> **To do**: After locating the line that contains "el monstruo y la bibliotecaria" in the records below, write out exactly that line and each line after it through the one that contains "ジェイアンドエムデヴィッドソン J&M DAVIDSON COIN CASE", and nothing else.

> **Data**:

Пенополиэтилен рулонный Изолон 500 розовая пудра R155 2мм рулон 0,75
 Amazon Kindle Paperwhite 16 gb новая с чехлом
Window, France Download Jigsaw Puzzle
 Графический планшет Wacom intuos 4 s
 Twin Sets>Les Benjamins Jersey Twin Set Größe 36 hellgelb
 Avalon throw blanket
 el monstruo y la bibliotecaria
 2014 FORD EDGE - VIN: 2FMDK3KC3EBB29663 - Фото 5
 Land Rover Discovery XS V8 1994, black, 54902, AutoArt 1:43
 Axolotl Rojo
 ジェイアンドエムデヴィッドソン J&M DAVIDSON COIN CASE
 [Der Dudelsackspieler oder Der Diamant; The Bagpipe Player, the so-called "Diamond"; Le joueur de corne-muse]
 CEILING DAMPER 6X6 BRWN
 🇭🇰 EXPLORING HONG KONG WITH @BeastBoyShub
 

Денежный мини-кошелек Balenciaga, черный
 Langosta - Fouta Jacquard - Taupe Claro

> **Completed task**:
 el monstruo y la bibliotecaria
 2014 FORD EDGE - VIN: 2FMDK3KC3EBB29663 - Фото 5
 Land Rover Discovery XS V8 1994, black, 54902, AutoArt 1:43
 Axolotl Rojo
 ジェイアンドエムデヴィッドソン J&M DAVIDSON COIN CASE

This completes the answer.